● EXERCISE
All pictures are to be dropped, and the remaining data set down exactly.

● INPUT DATA
^^^^^^^^
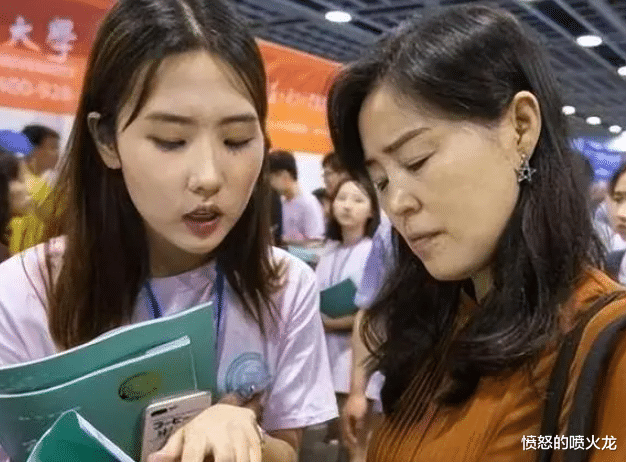 张雪峰懂的不是专业,而是社会现实,毕业能找工作才是硬道理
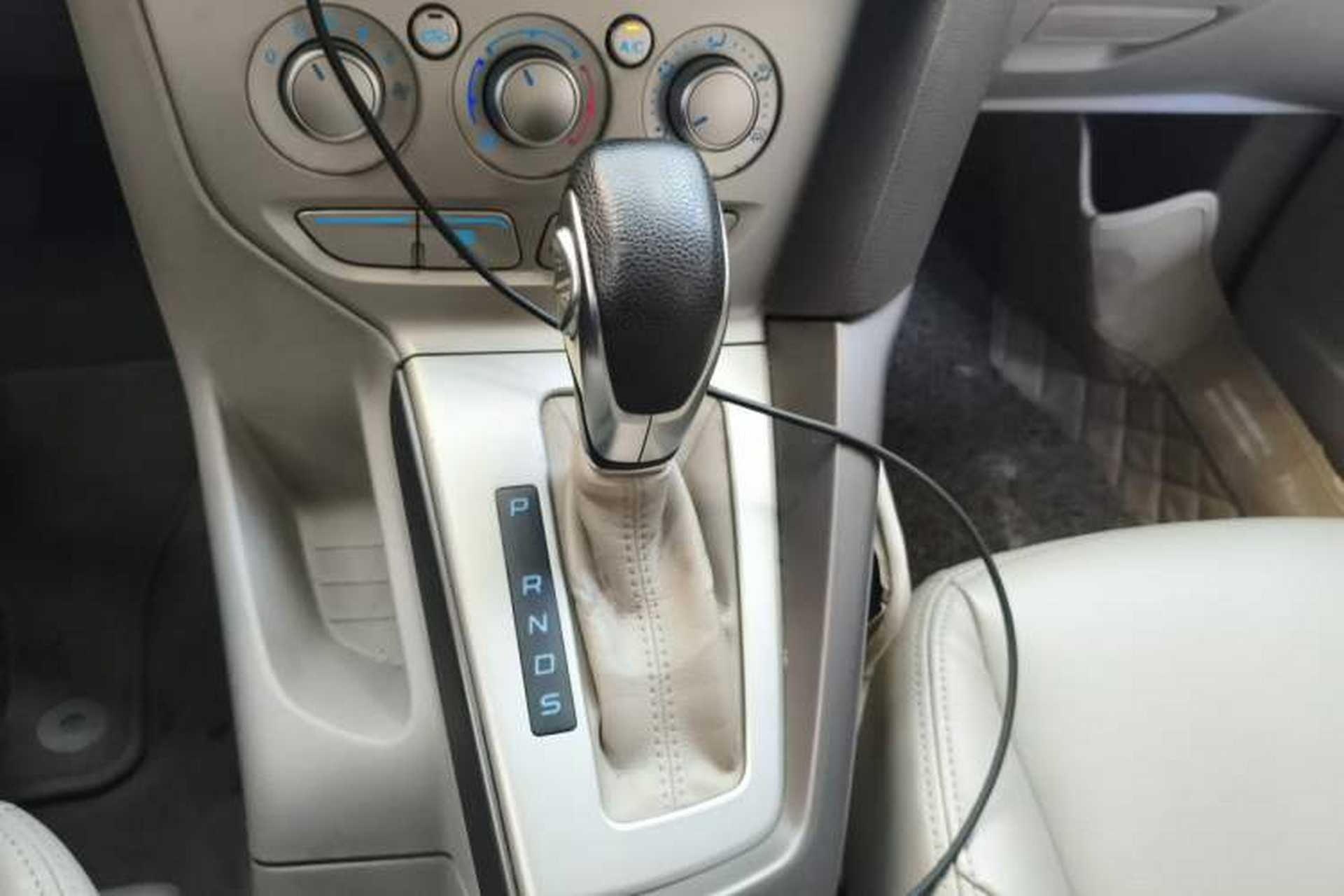 Used Ford Focus 2012 Sedan 1.6L Automatic Comfort Model Gear Lever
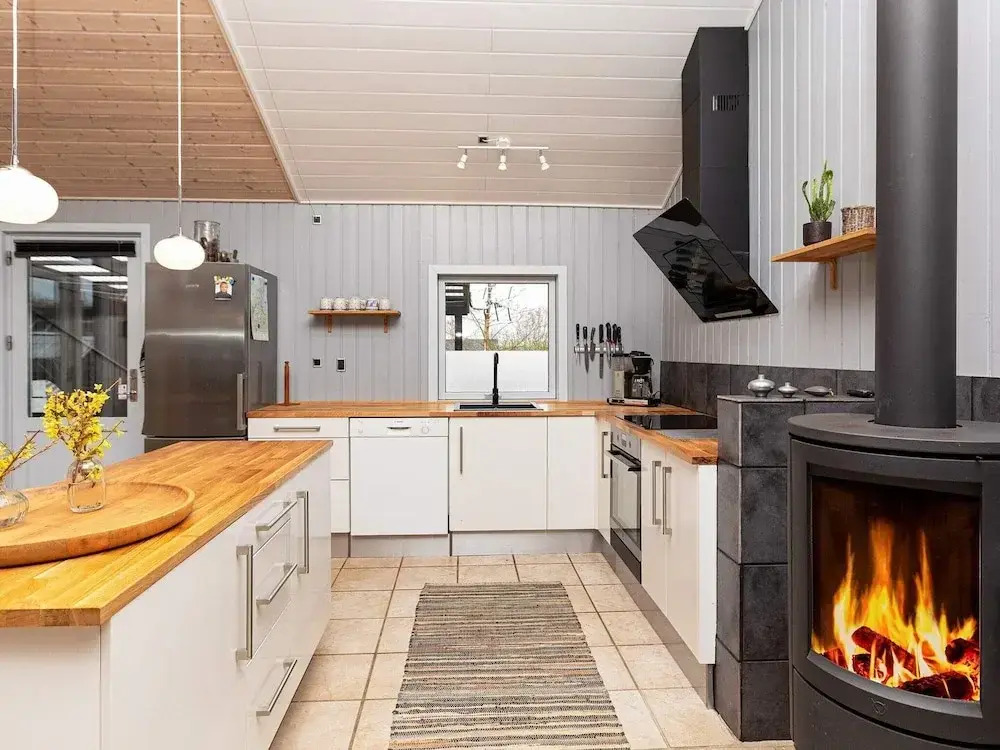 4 person holiday home in Vinderup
^^^^^^^^
● RESULT
 张雪峰懂的不是专业,而是社会现实,毕业能找工作才是硬道理
 Used Ford Focus 2012 Sedan 1.6L Automatic Comfort Model Gear Lever
 4 person holiday home in Vinderup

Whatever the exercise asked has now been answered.